Not that that was the usual method; we’d get together at a friend’s place, drink a bunch of beer, go to the bar and dance until we were sweaty and sober. When I go dancing, I don’t really fuck around –I’ve been with other friends, after this group of grad students brokeup via graduations, and too many of them want to dance for one song, go smoke a cigarette, go talk to friends, go whatever. Not me, and not the old crew. Sure, you take breaks for the toilet and for new drinks if you’re so inclined, but mostly it’s just hours of going to whatever the DJ gave you. And he was good – some anonymous technosongs I still don’t know, and some indier stuff (to this day I go alittle nuts whenever 'Wolf Like Me' or 'Modern Love' comes on), and even once when the floor wasn’t too full yet and he was willing to indulge me, The Knife’s 'We Share Our Mother’s Health'.
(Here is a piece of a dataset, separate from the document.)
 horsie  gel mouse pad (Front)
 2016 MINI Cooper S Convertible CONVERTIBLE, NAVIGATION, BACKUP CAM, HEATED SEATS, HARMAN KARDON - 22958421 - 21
But the song that makes me think the most of those nights out, among the most enjoyable and fondly remembered of my adult life, was the one we only heard out part of the time. I shouldn’t have to explain why Hot Chip’s epochal 'Over And Over' is fun to dance to, but it functioned as more than a highlight of our nights in the bar for us. We usually spent the evening before the Albion at my friend Nate’s apartment, conveniently situated in the same building as my friend Brynna’s place and around the corner, literally a 30 second walk, from my place. Located a mere stumble from the bar, nicely appointed and with a fridge with enough space to store our beer, many a happy evening was spent gearing up there, although I’m sure to those foreign to the rituals of the half dozen or so of us, it just looked like we were boozing and chatting. But we’d all be getting progressively more eager and excited (partly because of Nate’s deft hand with an iTunes playlist, partly due to the booze, partly due to how much we all loved that night), slowly transitioning away from wanting to sit and talk to wanting to get up and move – and then Nate would play 'Over And Over'. And not only would that song, which we all loved, get us moving a little more, after a month or so it was the universal signal for "finish your beer, we’re hitting the dancefloor".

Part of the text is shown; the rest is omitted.